While the FinCEN Guidance mandates an onerous compliance program for financial institutions doing business with the legal-marijuana industry, the costs of such programs can be passed through to the legal-marijuana client. Given the dearth of supply and substantial demand for financial institutions willing to do business with them, such clients understand the need for and are willing to pay such fees.
‘UNSAFE AND UNSOUND PRACTICES’
The FDIC provides deposit insurance to its member banks, and all federally — and nationally — chartered banks, and nearly all state-chartered banks, are required to have FDIC Insurance. FDIC-insured banks that engage in “unsafe or unsound practices” are subject to FDIC enforcement actions.
While the FDIC has broadly declared that “committing violations of law”10 is an unsafe and unsound practice, courts have interpreted the phrase “unsafe or unsound practice” as a “flexible concept which gives the administering agency the ability to adapt to changing business problems and practices in the regulation of the banking industry.”11
Given the federal prohibition on marijuana, providing banking services to legal-marijuana businesses can put an institution’s FDIC Insurance at risk.
But a financial institution serving the legal-marijuana industry may be able to decrease the risk that the FDIC would deem such service an “unsafe and unsound practice” through certain actions, like limiting marijuana-related deposits to a small percentage of its total deposits to decrease liquidity risk and ensuring its employees are well-trained on its policies and procedures for serving the industry.
Notably, unlike their bank counterparts, credit unions are not supervised by the FDIC, and the FDIC does not insure their deposits.
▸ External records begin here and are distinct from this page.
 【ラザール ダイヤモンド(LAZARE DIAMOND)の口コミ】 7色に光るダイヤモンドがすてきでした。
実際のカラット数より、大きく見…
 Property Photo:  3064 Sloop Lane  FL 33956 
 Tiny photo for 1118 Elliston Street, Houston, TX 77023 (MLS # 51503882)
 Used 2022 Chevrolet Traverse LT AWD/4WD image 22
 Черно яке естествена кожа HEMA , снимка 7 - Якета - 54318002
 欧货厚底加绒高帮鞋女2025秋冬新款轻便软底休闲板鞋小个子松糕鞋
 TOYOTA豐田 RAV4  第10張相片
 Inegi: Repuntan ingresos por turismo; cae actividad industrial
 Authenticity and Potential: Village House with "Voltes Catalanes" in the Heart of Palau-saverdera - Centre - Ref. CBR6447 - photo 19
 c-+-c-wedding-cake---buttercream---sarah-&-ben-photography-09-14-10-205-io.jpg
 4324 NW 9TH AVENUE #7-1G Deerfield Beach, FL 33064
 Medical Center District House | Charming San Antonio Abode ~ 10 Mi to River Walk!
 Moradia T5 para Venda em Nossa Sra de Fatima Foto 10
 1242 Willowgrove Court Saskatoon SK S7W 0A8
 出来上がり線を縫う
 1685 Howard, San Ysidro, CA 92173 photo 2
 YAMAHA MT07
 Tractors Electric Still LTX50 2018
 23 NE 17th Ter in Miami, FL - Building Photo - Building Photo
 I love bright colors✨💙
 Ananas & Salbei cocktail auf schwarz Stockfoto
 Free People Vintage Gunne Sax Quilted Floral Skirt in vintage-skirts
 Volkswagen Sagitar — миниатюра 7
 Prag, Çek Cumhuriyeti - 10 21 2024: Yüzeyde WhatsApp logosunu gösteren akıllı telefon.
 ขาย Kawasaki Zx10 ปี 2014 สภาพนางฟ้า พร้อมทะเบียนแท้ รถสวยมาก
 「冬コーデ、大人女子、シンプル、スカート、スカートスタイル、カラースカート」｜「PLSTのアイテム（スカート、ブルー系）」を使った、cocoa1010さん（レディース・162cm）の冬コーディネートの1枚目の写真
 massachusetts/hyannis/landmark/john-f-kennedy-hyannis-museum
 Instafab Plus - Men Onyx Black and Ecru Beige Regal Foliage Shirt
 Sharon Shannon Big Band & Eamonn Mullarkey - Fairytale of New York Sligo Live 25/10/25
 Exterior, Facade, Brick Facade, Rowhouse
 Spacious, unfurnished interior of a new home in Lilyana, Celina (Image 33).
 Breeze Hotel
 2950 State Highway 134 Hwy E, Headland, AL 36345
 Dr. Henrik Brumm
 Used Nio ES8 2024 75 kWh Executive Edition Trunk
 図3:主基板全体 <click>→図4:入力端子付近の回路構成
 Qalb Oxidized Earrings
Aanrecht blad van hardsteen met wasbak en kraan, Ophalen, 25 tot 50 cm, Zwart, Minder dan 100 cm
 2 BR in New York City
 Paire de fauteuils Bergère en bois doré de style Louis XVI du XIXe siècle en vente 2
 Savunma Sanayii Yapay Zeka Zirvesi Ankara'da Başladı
Those deposits are instead insured by the National Credit Union Administration (NCUA), which also supervises federally-chartered credit unions.
The NCUA has indicated that it will follow the FinCEN Guidance12 when examining the federally-chartered credit unions it supervises, and state-chartered credit unions are not supervised by federal banking regulators.
For these reasons, many view the regulatory environment for providing banking services to the legal-marijuana industry as more favorable for credit unions than their bank counterparts.
Until marijuana is legalized at the federal level or Congress passes legislation protecting financial institutions that serve the legal-marijuana industry, providing banking services to that industry will be a risky endeavor.
But financial institutions can minimize that risk to an extent by building out a robust compliance program. While that program may be costly, financial institutions can recoup those costs through the fees they charge to the legal-marijuana client, which can provide a potentially lucrative opportunity for financial institutions willing to engage with the industry.
Republished with permission. This article appeared in Westlaw Journal Bank & Lender Liability on July 9, 2018.